How to Avoid Risk and Stay Lean in the 2015 Construction Boom
By Wiss Associate
Historically, the U.S. construction industry trails the economy by about a year. So when the economy tanks, the industry hangs on by finishing existing projects. And when things begin to improve, construction firms lag while investments are made, new projects are green-lighted and contracts are signed.
Today, the economy, from the viewpoint of the construction industry, is 80 to 90 percent back to where it was before the recession. So now it’s time to figure out how to do things differently this time — how to take advantage of an economy that’s rapidly coming into its own without overextending resources when it inevitably cools down again.
The boom and bust cycle in construction is as dependable as death and taxes. The challenge is to not overspend during boom times so you have some protection when — not if — things go bust. Here are some tips.

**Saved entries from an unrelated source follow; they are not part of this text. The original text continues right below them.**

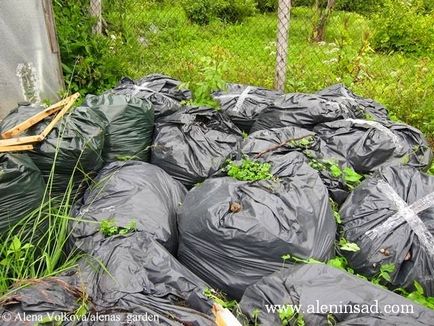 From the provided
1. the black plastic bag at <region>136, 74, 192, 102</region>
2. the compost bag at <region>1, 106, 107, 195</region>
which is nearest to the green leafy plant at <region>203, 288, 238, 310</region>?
the compost bag at <region>1, 106, 107, 195</region>

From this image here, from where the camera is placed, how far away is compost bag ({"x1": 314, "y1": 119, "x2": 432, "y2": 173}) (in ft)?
7.76

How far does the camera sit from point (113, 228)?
181 cm

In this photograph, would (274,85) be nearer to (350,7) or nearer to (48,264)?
(48,264)

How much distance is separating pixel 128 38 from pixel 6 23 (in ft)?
4.52

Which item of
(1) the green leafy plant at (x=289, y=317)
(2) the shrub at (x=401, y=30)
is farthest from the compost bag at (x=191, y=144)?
(2) the shrub at (x=401, y=30)

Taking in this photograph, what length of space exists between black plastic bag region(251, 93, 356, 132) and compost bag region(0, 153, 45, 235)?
4.81 feet

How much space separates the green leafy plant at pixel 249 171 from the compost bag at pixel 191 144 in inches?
11.6

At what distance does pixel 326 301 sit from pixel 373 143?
124 cm

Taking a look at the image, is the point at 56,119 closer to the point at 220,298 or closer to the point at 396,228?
the point at 220,298

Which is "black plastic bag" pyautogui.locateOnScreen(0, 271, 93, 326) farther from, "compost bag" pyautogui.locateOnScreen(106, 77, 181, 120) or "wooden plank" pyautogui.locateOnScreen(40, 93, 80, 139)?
"compost bag" pyautogui.locateOnScreen(106, 77, 181, 120)

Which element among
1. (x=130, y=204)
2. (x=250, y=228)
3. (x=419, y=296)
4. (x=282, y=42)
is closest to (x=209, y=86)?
(x=282, y=42)

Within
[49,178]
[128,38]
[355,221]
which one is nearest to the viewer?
[355,221]

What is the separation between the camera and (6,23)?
2711mm

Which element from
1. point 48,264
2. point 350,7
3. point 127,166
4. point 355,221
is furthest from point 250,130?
point 350,7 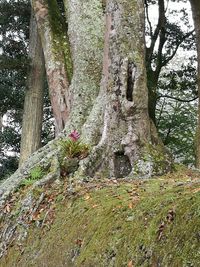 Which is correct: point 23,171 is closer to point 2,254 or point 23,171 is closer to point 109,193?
point 2,254

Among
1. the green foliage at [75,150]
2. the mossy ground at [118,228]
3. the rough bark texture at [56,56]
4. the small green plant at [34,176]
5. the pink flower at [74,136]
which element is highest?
the rough bark texture at [56,56]

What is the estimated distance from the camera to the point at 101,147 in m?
5.73

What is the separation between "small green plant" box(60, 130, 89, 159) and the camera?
18.5 ft

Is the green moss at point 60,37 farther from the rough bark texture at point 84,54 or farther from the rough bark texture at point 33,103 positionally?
the rough bark texture at point 33,103

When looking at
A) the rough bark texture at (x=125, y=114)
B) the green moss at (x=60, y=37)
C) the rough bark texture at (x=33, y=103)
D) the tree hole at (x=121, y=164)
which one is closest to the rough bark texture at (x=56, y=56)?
the green moss at (x=60, y=37)

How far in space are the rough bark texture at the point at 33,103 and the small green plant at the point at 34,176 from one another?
5.10 metres

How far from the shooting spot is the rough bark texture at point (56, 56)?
7527 millimetres

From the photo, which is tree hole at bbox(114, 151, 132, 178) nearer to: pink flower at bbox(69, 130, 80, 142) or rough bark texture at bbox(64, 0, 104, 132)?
pink flower at bbox(69, 130, 80, 142)

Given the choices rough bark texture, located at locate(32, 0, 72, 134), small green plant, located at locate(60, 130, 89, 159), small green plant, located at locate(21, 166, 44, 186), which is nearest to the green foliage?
small green plant, located at locate(60, 130, 89, 159)

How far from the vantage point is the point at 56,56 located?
7.89 m

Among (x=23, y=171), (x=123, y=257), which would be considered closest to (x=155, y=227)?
(x=123, y=257)

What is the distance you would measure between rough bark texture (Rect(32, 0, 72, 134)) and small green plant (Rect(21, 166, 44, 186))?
1.78m

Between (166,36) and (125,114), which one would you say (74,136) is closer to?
(125,114)

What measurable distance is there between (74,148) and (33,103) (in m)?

- Prepare forward-looking budgets. When in the heart of a boom cycle, it’s tempting to think that the bubble will never burst. Ever the optimist, you’re positive you have half a dozen huge projects about to go on the books for next year. After all, look at what you’ve accomplished so far this year. Now ask yourself how that budget holds up if those practically assured projects go bad because the economy suddenly sours.

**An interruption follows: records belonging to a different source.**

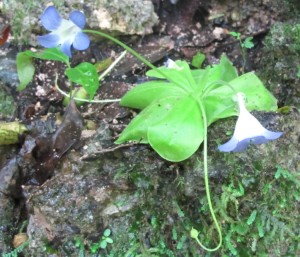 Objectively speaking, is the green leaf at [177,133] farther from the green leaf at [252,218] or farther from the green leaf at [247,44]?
the green leaf at [247,44]

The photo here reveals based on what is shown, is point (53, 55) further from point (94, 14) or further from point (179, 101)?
point (179, 101)

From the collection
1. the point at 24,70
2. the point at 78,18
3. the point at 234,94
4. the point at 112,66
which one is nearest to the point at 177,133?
the point at 234,94

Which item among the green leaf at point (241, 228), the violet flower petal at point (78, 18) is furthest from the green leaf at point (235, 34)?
the green leaf at point (241, 228)

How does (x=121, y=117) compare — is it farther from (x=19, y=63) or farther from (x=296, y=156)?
(x=296, y=156)

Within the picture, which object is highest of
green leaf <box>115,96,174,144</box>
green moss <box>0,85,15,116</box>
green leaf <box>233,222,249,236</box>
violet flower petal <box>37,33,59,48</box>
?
violet flower petal <box>37,33,59,48</box>

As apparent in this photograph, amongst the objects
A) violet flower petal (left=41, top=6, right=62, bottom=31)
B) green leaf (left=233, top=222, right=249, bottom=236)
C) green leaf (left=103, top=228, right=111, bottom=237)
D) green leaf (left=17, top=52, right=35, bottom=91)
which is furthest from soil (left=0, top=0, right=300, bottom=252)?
green leaf (left=233, top=222, right=249, bottom=236)

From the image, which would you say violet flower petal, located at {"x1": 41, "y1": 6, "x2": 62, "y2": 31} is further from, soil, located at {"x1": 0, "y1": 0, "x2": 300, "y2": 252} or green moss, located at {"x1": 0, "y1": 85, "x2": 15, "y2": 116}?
green moss, located at {"x1": 0, "y1": 85, "x2": 15, "y2": 116}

- Ignore the frenzy. Times are good, and your competitors are staffing up and doubling down. You’ll get lost in the dust if you don’t bid on more work and take on more debt. You get caught up in the frenzy and find yourself moving rapidly forward, but you may have to push back. Heed the growing whispers of trusted economists as the bubble continues to inflate. Don’t spend everything. Sock money away for the inevitable harder times, even if you think your company is the only one doing it.
- Invest short term. Explore your options for leasing equipment instead of buying. Short-term leases allow you to walk away much faster when the equipment feels more like anchors than profit-enabling tools. With most labor contracts on larger projects in the Northeast being union/prevailing wage, it’s relatively easy to hold down costs in this area when the economy cools. But can you do the same with your office staff? Hold down fixed costs by hiring less energetically during the good times and consider the use of temp workers wherever possible. This allows you to trim employee costs quickly and painlessly if the situation suddenly requires you to do so.
Best of luck as the economy seems to be finally moving into a period of greater opportunity since 2008. Just remember, don’t take too much advantage of the coming boom times.